Okay, I know we’re getting a bit deep into it here, but I’m going to throw a few more numerical terms at you: FP32, BF16, and INT8. Think of these as variables (numbers) that are used with deep learning. As you might have guessed FP32 (floating point 32-bit) calculations are higher precision than BF16 (brain floating point 16-bit) or INT8 (8-bit integer) calculations. What’s interesting is that using the DL Boost libraries, Intel is attaining similar accuracy on many models (especially computer vision but increasingly others) using INT8 as you can get from using FP32. This may be a lot to take in. The upshot here is that DL Boost improves inference performance by maintaining accuracy at a lower precision (and thus lower latency and lower power consumption) calculation. What’s more, Intel has not only optimized for DL Boost, but across a broad range of the most popular open-source AI libraries, tools, and frameworks, and is seeing gains of up to 100x on some models in the world’s most popular AI library called scikit-learn (for machine learning)!

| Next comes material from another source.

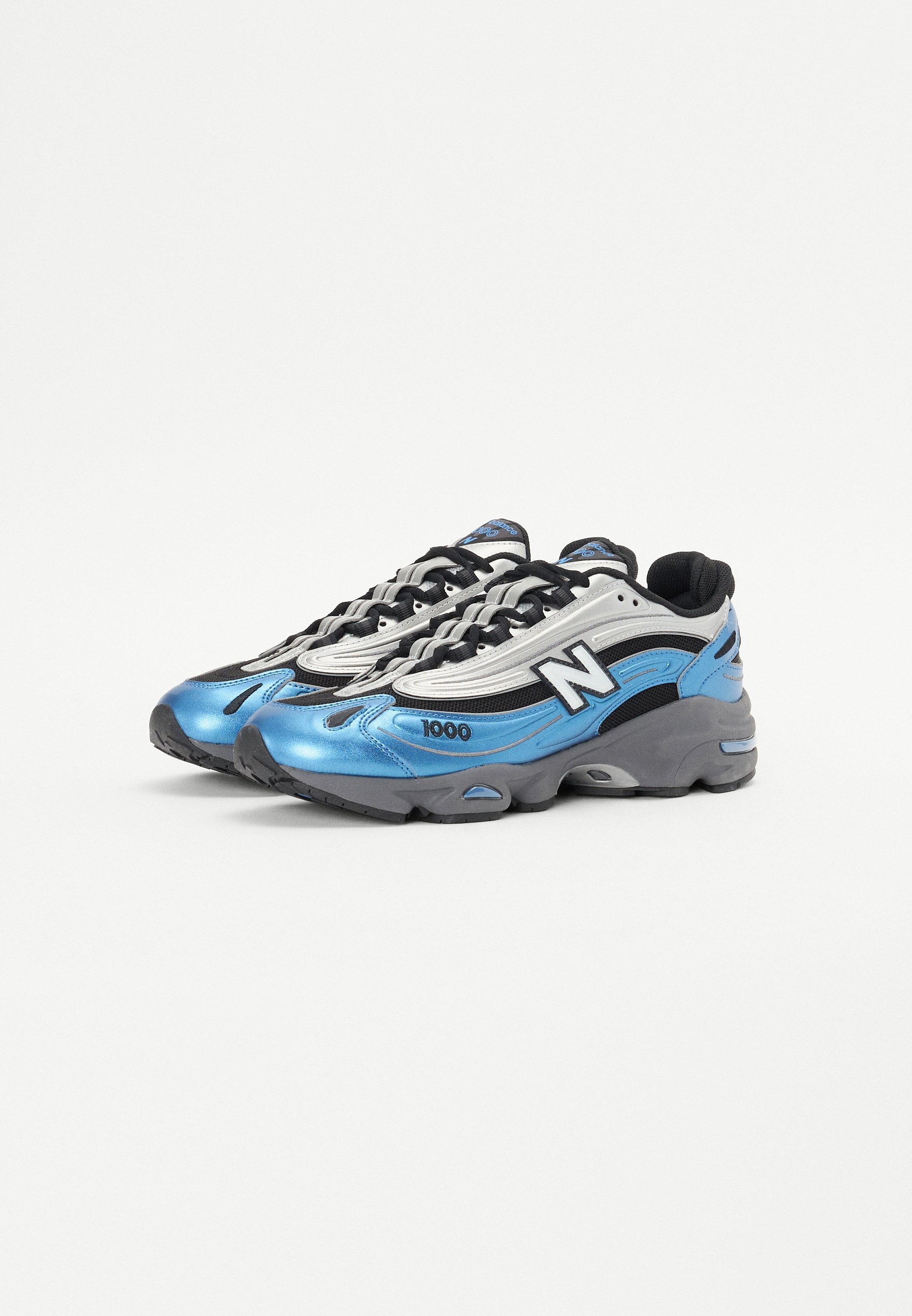 Tênis New Balance de cano baixo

AI is yet another example of Intel’s edge to cloud platform at work. INT8 inference at the edge on any 3rd Gen Xeon Processor and BF16 training in the data center on select processors – both leveraging DL Boost for increased performance as well as extensive AI software optimizations. And all providing a great environment for general-purpose compute on the exact same hardware – something that purpose-built AI silicon simply cannot do. For an even deeper dive into DL Boost, check out this presentation from the launch event:
The Big Picture
When Intel launches a new generation of server processors, it’s easy to get caught up in the new speeds and feeds. And the 3rd Gen Intel Xeon Scalable processors did not disappoint in that area. Highlights like 8 channels of memory, 64 lanes of PCIe4, and as many as 40 cores per socket easily steal the show. But I think they made the right choice by putting those leaps forward in context with the entire Intel portfolio. Things like Crypto Acceleration, Confidential Computing, Optane persistent memory 200 series, Ethernet 800 series, oneAPI, AVX-512 (which does way more than AI, by the way), and, yes, DL Boost.
No matter which specifics you’re interested in, the take-away was how these impressive new server processors fit into the larger Intel platform, from edge to cloud.